Dans Adieu prairies heureuses, la poétesse anglaise Kathleen Raine, lauréat du prix du meilleur livre étranger, dont on vient de publier également deux recueils, Isis errante et Sur un rivage désert, fait le récit de son enfance en Écosse au début du siècle. Le livre de Kathleen Raine fait état d'une expérience sans doute trop particulière, une éducation placée sous le double signe de la religion méthodiste et des ballades écossaises, pour que les femmes nées immédiatement avant ou après la Seconde Guerre mondiale puissent s'y reconnaître.

Marylin French, à travers une série d'études de femmes américaines de la petite bourgeoisie, s'efforce, au contraire, de mettre en évidence ce qui, dans ces vies banales et sans lustre, est de l'ordre d'un vécu plus universel. Toilettes pour femmes ne vaut pas par ses qualités d'écriture, mais par la façon dont son auteur mêle à la fiction des réflexions sur la forme entière de la condition féminine.

Les qualités du roman-poème Le bois de la nuit placent son auteur, Djuna Barnes, parmi les plus grands écrivains américains de l'entre-deux guerres. Emporté par une énergie narrative et une tension lyrique exceptionnelles, ce livre de la détresse et de l'errance contient d'admirables portraits d'hommes et de femmes, et, par ses péripéties, rappelle les plus grandes œuvres de Joseph Roth : le riche et snob Felix Volkbein, abandonné par sa femme, part sur ses traces, accompagné de son mentor, le docteur Matthieu O'Connor, Irlandais alcoolique doté d'une verbosité savoureuse et d'une fascinante compréhension des êtres. Au fil de leur quête infructueuse, de Berlin à l'Amérique en passant par Paris, les destins se croisent sans jamais s'unir.

Philosophes

Les nouveaux philosophes faisant décidément beaucoup de fausses notes, il s'avère indispensable de faire appel à un interprète chevronné, mieux à même de rendre certaines nuances de la partition Le « Piccolo saxo et compagnie » philosophique accueille, avec quelques décennies de retard il est vrai, Karl Popper. Dans La société ouverte et ses ennemis, Popper lie l'essor de la démocratie d'une société ouverte à la réaffirmation du pouvoir de la raison contre l'idée d'une fatalité historique qui conduirait au totalitarisme. Les ennemis sont, bien entendu, Marx, mais aussi Platon et Hegel.

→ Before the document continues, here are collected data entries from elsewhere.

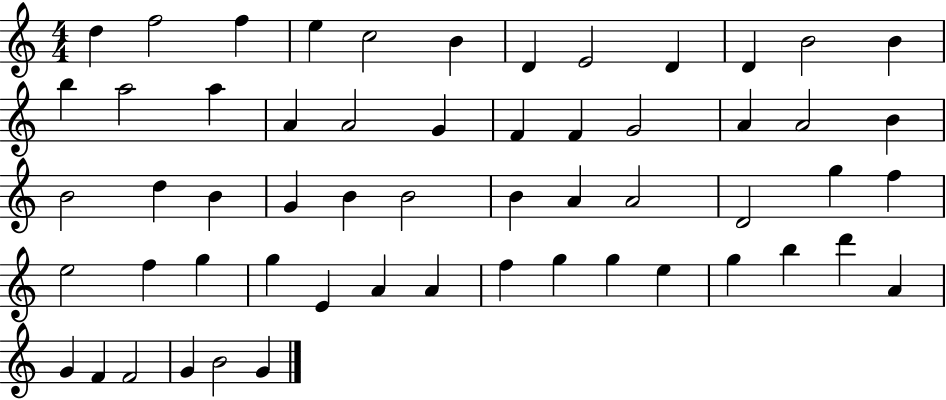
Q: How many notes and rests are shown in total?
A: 57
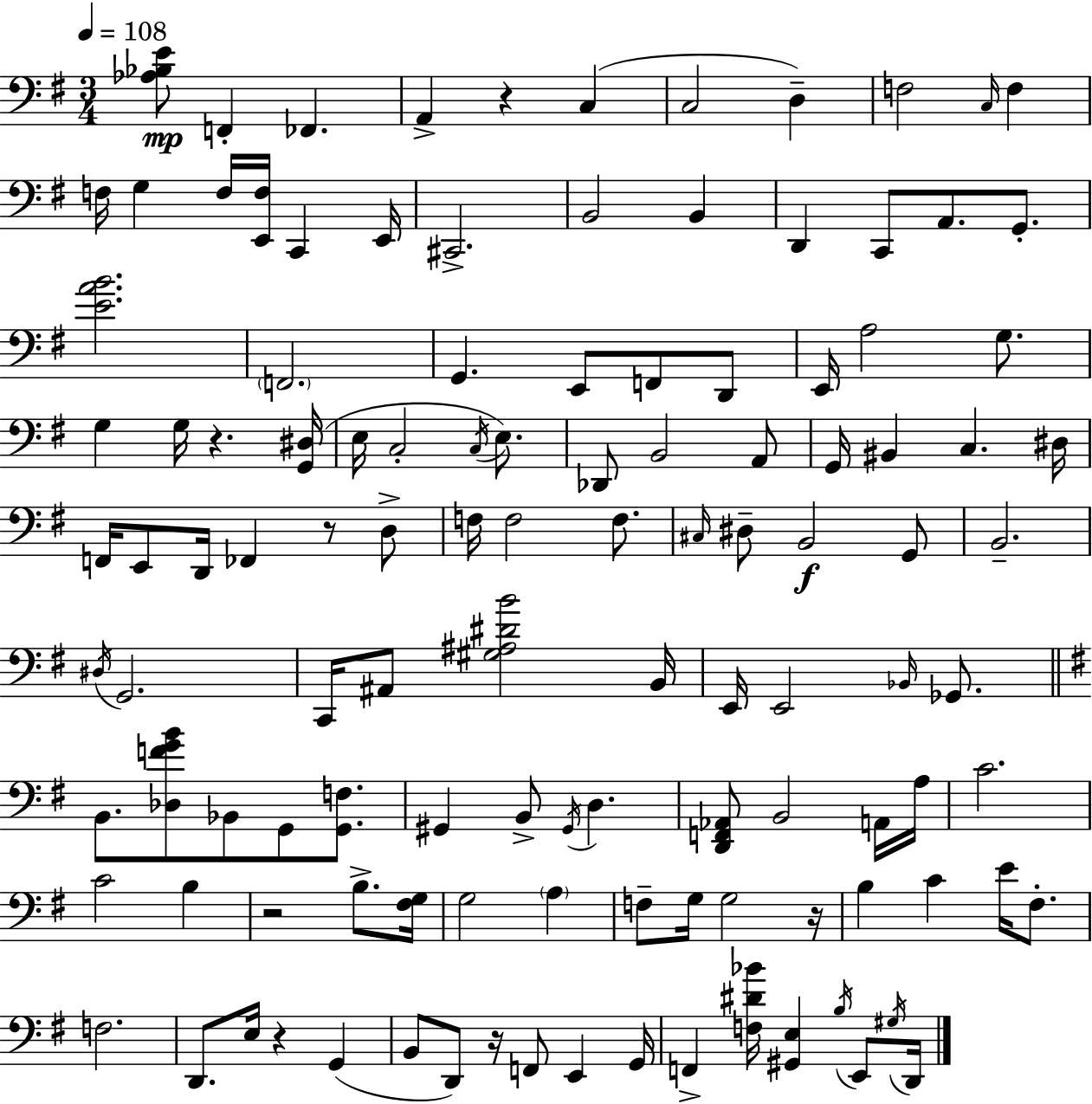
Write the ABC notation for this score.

X:1
T:Untitled
M:3/4
L:1/4
K:Em
[_A,_B,E]/2 F,, _F,, A,, z C, C,2 D, F,2 C,/4 F, F,/4 G, F,/4 [E,,F,]/4 C,, E,,/4 ^C,,2 B,,2 B,, D,, C,,/2 A,,/2 G,,/2 [EAB]2 F,,2 G,, E,,/2 F,,/2 D,,/2 E,,/4 A,2 G,/2 G, G,/4 z [G,,^D,]/4 E,/4 C,2 C,/4 E,/2 _D,,/2 B,,2 A,,/2 G,,/4 ^B,, C, ^D,/4 F,,/4 E,,/2 D,,/4 _F,, z/2 D,/2 F,/4 F,2 F,/2 ^C,/4 ^D,/2 B,,2 G,,/2 B,,2 ^D,/4 G,,2 C,,/4 ^A,,/2 [^G,^A,^DB]2 B,,/4 E,,/4 E,,2 _B,,/4 _G,,/2 B,,/2 [_D,FGB]/2 _B,,/2 G,,/2 [G,,F,]/2 ^G,, B,,/2 ^G,,/4 D, [D,,F,,_A,,]/2 B,,2 A,,/4 A,/4 C2 C2 B, z2 B,/2 [^F,G,]/4 G,2 A, F,/2 G,/4 G,2 z/4 B, C E/4 ^F,/2 F,2 D,,/2 E,/4 z G,, B,,/2 D,,/2 z/4 F,,/2 E,, G,,/4 F,, [F,^D_B]/4 [^G,,E,] B,/4 E,,/2 ^G,/4 D,,/4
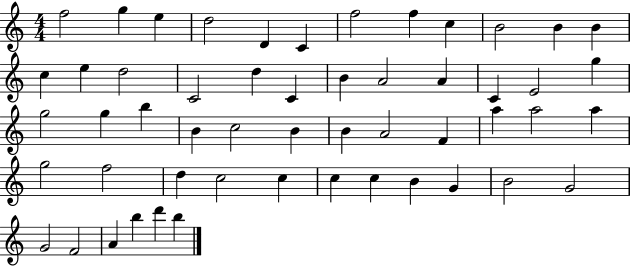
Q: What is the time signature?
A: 4/4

Théodor Adorno, dans Dialectique négative, voit en revanche dans la « rationalité identificatrice » un principe totalitaire qui se réalise spirituellement dans le système de Hegel, avant de s'accomplir dans le capitalisme monopolistique d'État.

Les ouvrages de Popper et d'Adorno représentent deux moutures différentes d'une même problématique. On peut préférer l'une ou l'autre, rationaliste critique de droite ou irrationaliste de gauche, de ces deux versions qui certes s'opposent, mais pour mieux se compléter.